The word “marriage”, like all words, means something and it is for that something that we fight. We defend a natural institution that is essential for the flourishing of humanity and we argue for it from varied perspectives. Many have the conviction that God created marriage and from the beginning ordered it toward his command to be fruitful and multiply and then further dignified marriage by elevating it to a sacrament that signifies the love Jesus has for His Church. Some rally around an institution we know to be the cornerstone of society, indeed the first natural society, and the fundamental building block of a thriving community and nation. Others are concerned because we know that children have a natural right to be raised by both parents in a stable and loving home.

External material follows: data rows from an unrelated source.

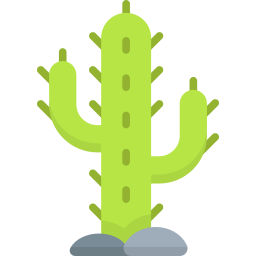 cactus icoon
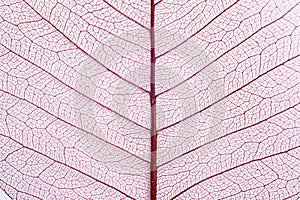Closeup view of beautiful decorative leaf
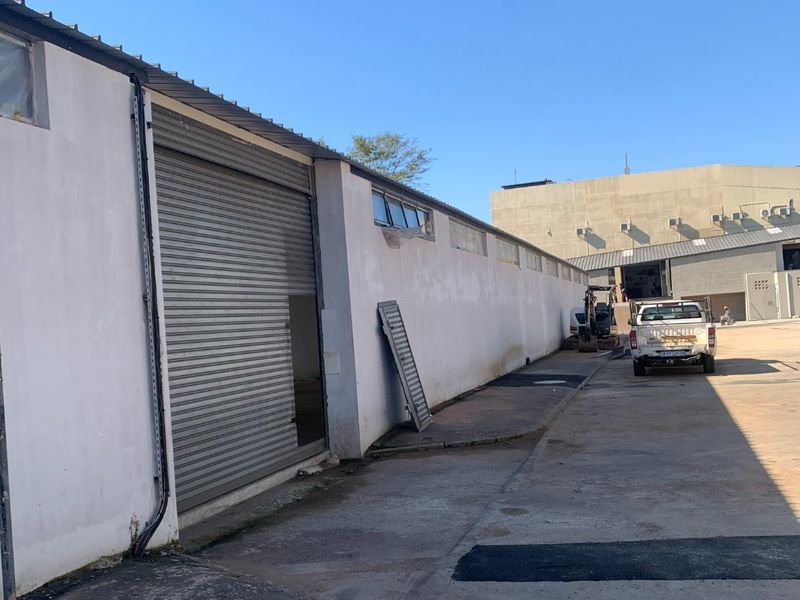 Visible Ground-Floor Warehouse – Durban Central (325 sqm) - Photo 5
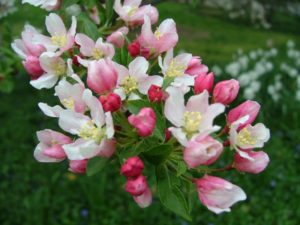 crabappleblooms_small.jpg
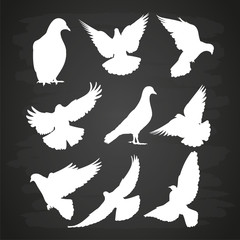 White dove silhouette set on blackboard
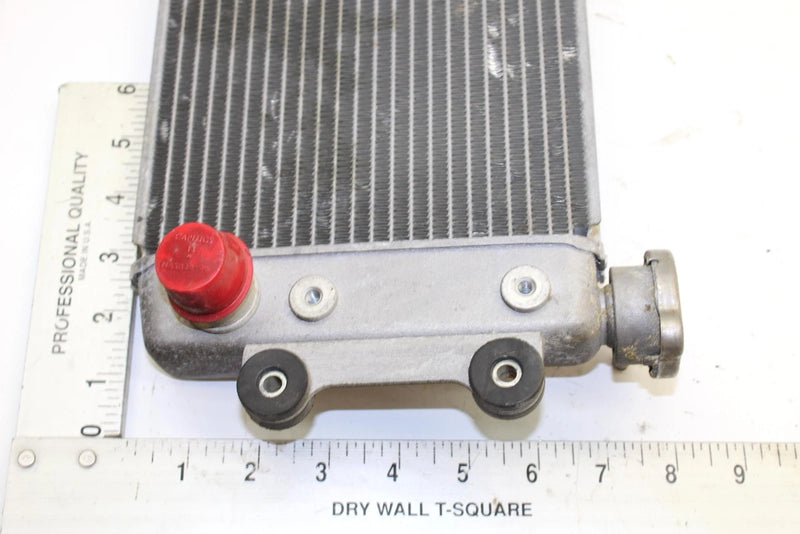 Yamaha Oem Engine Radiator 8GL-12461-00-00 B371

Leaders are willing to go down swinging because marriage is already on the ropes today as cultural forces gradually tear down individual marriages and they fear that the radical redefinition of marriage will further distort the true meaning of this beautiful institution. Still others simply want to maintain a traditional understanding of marriage enshrined in law in every land. Others make slippery slope arguments and fear what is next. And, yes, many fear that legal recognition and elevation of homosexual unions will codify into law an acceptance of sexual acts we believe to be intrinsically disordered, immoral, and a grave depravity. In short, we fight for an institution that we believe to be beautiful, traditional, vital, a sacrament, and necessary for our flourishing.
This is the seriousness of our perspective, and characterizing our view as little more than a sentimental clinging to a word amounts to nothing more than erecting a straw man. We argue for the one and only true definition of marriage and our arguments cannot be characterized as unevolved thinking. We approach marriage from different perspectives, each concerned citizen emphasizing different goods to be protected and upheld. Our principled positions and careful argumentation are not at the service of a moniker or label we slap on relationships we wish to affirm. We would not fight for a mere word; we fight for marriage.
We will oppose words, however, because we know that they have implications and a deep connection to reality. We realize that your words are intended to prepare the nation for the forthcoming action to radically redefine the first and most fundamental institution of society. As we hear your words we share the conviction of Cardinal Timothy Dolan who has stated, “We cannot be silent in the face of words or actions that would undermine the institution of marriage, the very cornerstone of society. The people of this country, especially our children, deserve better.”
Words have meaning, Mr. President. Though you may be surrounded by many who hold that words only mean what we happen to want them to mean at a given moment, you cannot change the nature of this fundamental human institution. And many of us cro-magnons are willing to fight for this basic truth.